▶ _Dataset section_
────
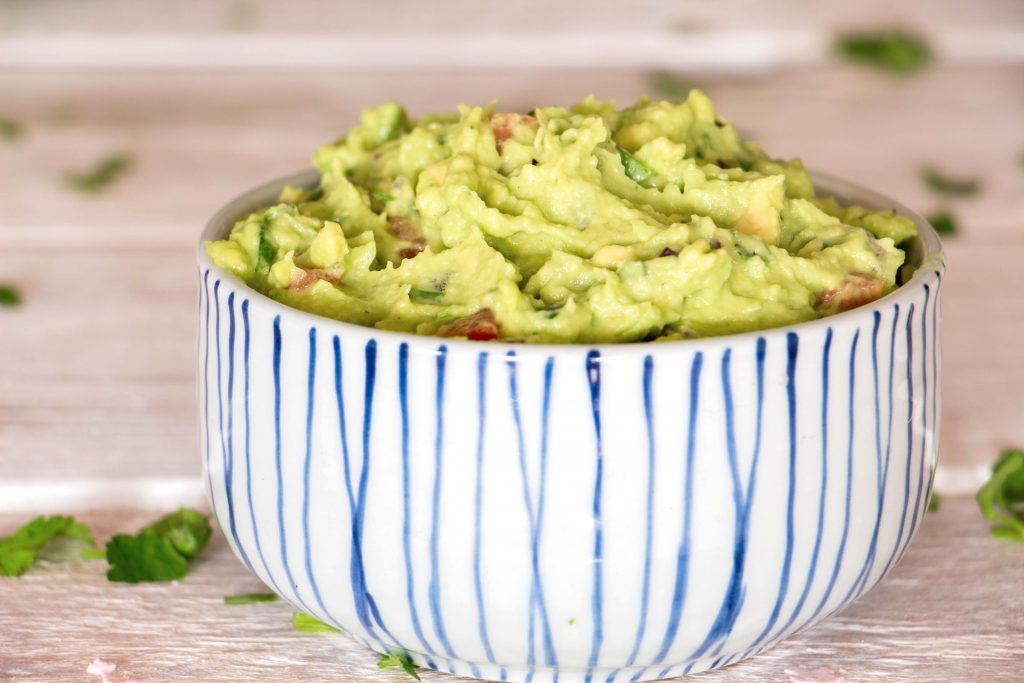 Guacamole 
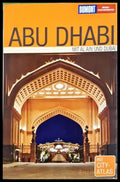 Abu Dhabi: Mit Al Ain und Dubai (332906261813) - Gerhard Heck - Книга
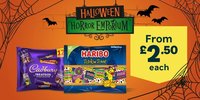 ASDA offer - October 2026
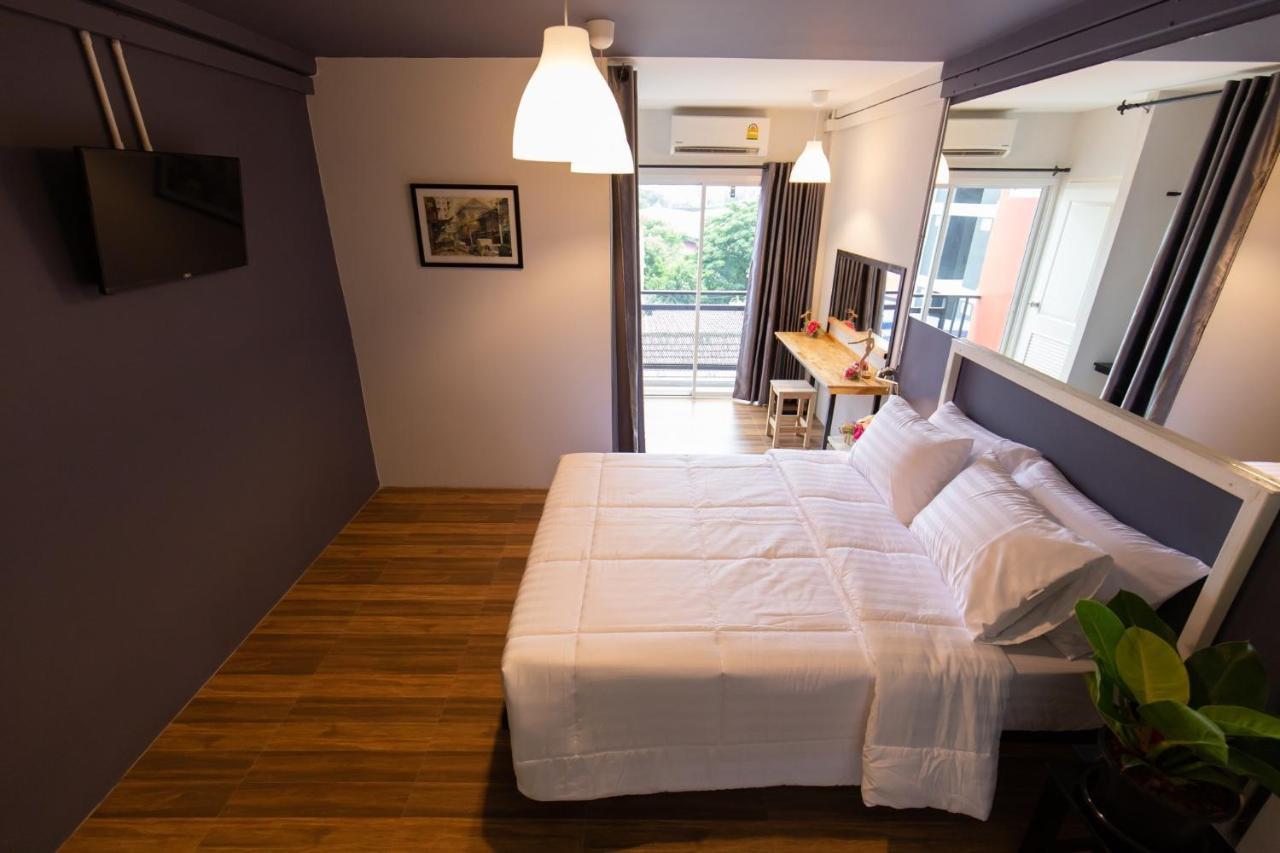 Mango 10 House Hotel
────
▶ _Task requirements_
Everything in the data except the pictures must appear in your answer unchanged.

▶ _Response to the exercise_
 Guacamole 
 Abu Dhabi: Mit Al Ain und Dubai (332906261813) - Gerhard Heck - Книга
 ASDA offer - October 2026
 Mango 10 House Hotel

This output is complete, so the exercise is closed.